Dieser Ansatz hat sich als bankrott erwiesen. Ein Jahr später ist klar, dass der Völkermord in Gaza Teil eines weltweit eskalierenden Krieges ist, der sich aus der imperialistischen Neuaufteilung der Welt speist und untrennbar mit der tiefen Krise der US-geführten imperialistischen Weltordnung verbunden ist.

Eine neue Strategie ist erforderlich. Der Kampf gegen den Völkermord in Gaza und den Krieg gegen den Iran kann nur als Kampf gegen den Imperialismus entwickelt werden, den Lenin als „höchstes Stadium des Kapitalismus“ bezeichnete. Die wesentliche Ursache des Krieges liegt im kapitalistischen Nationalstaatensystem, den globalen Finanzinteressen der Konzerne und dem unerbittlichen Streben der amerikanischen herrschenden Klasse nach Weltherrschaft.

Der Kampf gegen Krieg erfordert die Mobilisierung der immensen Macht der internationalen Arbeiterklasse und ihre politische Unabhängigkeit von allen kapitalistischen Parteien.

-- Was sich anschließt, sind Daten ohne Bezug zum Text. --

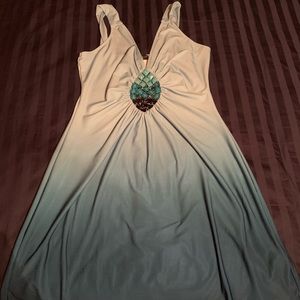 Venus mint & blue dress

Die Bewegung gegen den Krieg muss von der Perspektive des internationalen Sozialismus angeleitet sein und darauf abzielen, das überholte Nationalstaatensystem – das untrennbar mit imperialistischem Krieg und Kolonialismus verbunden ist – abzuschaffen und durch den Sozialismus zu ersetzen.